_EXERCISE INPUT_
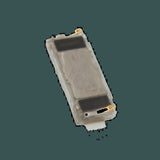 DL-41-13-0118_03.jpg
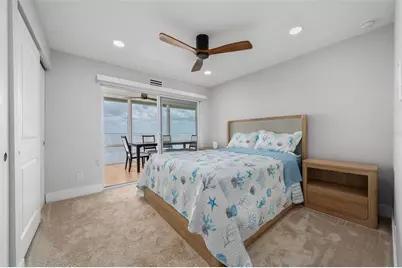 4800 Gulf Of Mexico Drive #PH 3, Longboat Key, FL 34228 - Photo 29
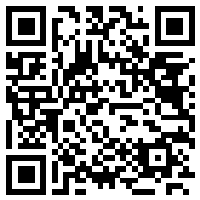 QR Code for bitcoin:bitcoin:litecoin:LbXwQtKhmQbbZmxqoDnHGrFa2EhD9QSoL9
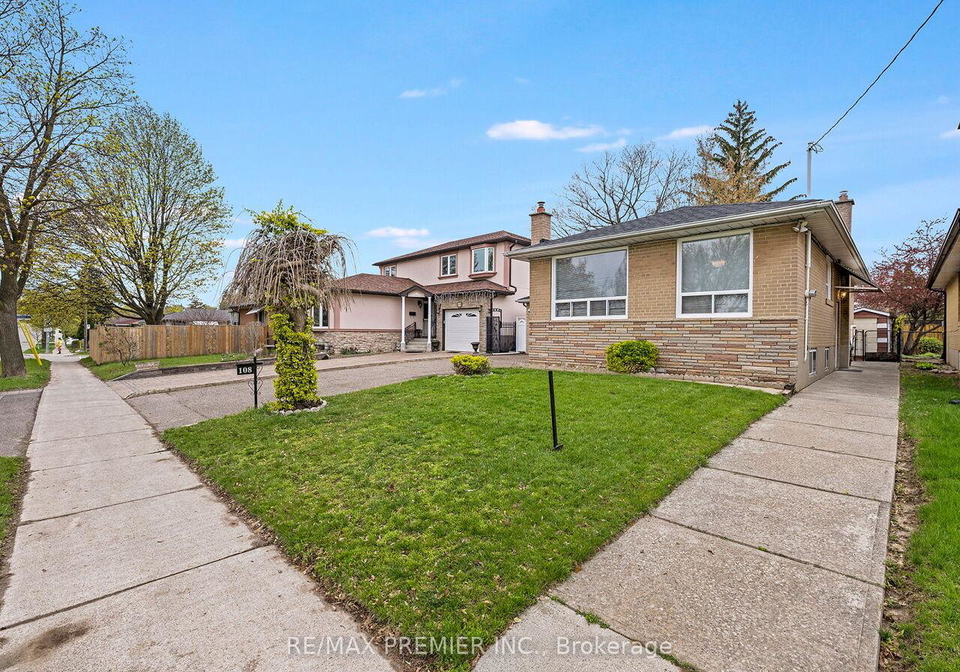 108-thistle-down-boulevard-etobicoke-ontario-w13067388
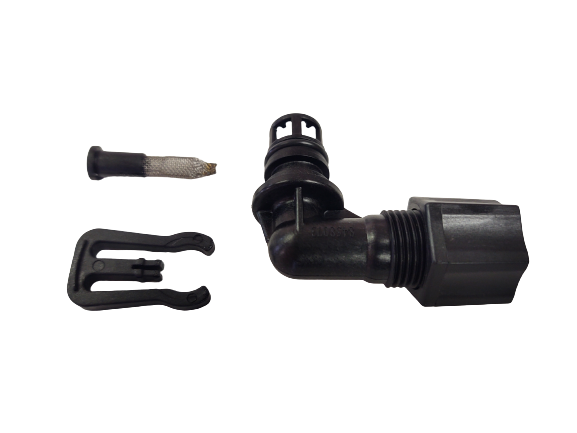 Clean Water Store: 7500 Control Valve Parts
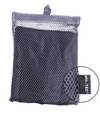 Poncho de ploaie Olive MIL-TEC® – Impermeabil, multifunctional WARZONESHOP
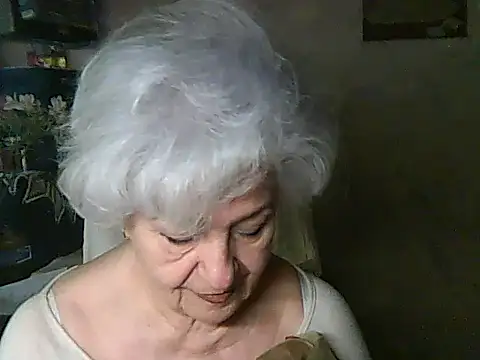 Snapshot of ValeriaKroww chatting on 05-07-26, 06:41 ValeriaKroww online show from 05-07-26, 06:41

_WHAT TO PRODUCE_
Excluding the pictures, write out exactly the lines from the line that contains "108-thistle-down-boulevard-etobicoke-ontario-w13067388" through the end of the records.

_RESPONSE TO THE TASK_
 108-thistle-down-boulevard-etobicoke-ontario-w13067388
 Clean Water Store: 7500 Control Valve Parts
 Poncho de ploaie Olive MIL-TEC® – Impermeabil, multifunctional WARZONESHOP
 Snapshot of ValeriaKroww chatting on 05-07-26, 06:41 ValeriaKroww online show from 05-07-26, 06:41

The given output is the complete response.